Discourse ethics is a possible grounding for critical theory. In that context, it argues that immoral social ills arise through stymied discourse, wherein certain participants cannot or do not submit their views for rational deliberation.

It is also a possible approach to the management of science. That approach is primarily popular in Europe, in part because Europeans prefer rule-based social adaption to technological progress, whereas Americans prefer utilitarian approaches.

==Habermas and Apel==
Habermas's discourse ethics attempts to explain the implications of communicative rationality to moral insight and social norms. It reformulates Kantian deontological ethics into the analysis of communicative structures. This means that it is an attempt to explain the universal and obligatory nature of morality as a consequence of certain universal obligations associated with successful communication.

It is also a cognitivist moral theory, which means it holds that moral norms can be justified like facts. Thus it is explicitly attempting to bridge the gap between the "is" and the "ought."

However, the entire project is undertaken as a rational reconstruction of moral insight.

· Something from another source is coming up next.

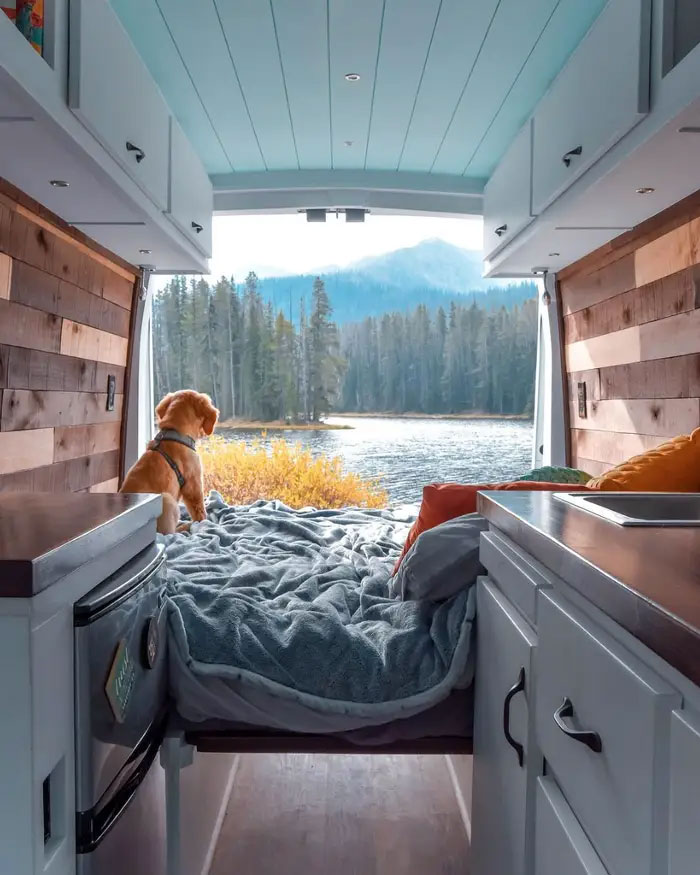 Cette femme de 24 ans a laissé son petit ami, quitté son emploi et vit maintenant dans un van avec son chien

It claims only to reconstruct the implicit normative orientations that guide individuals and it claims to access these through an analysis of communication.

===Public discourse ethics===
Public discourse ethics consists of conversations about ideas in civic or community contexts marked by diversity of perspectives requiring thoughtful public engagement. This discourse is made up of differing insights that helps to shape the public's engagement with one another. This type of discourse is meant to protect and to promote the public good.

For public discourse ethics to be successful there must be an effective level of civility between people or persons involved (Freud: "Civilization began the first time an angry person cast a word instead of a rock"). At the same time, participants must be free to criticize each other's argumentation.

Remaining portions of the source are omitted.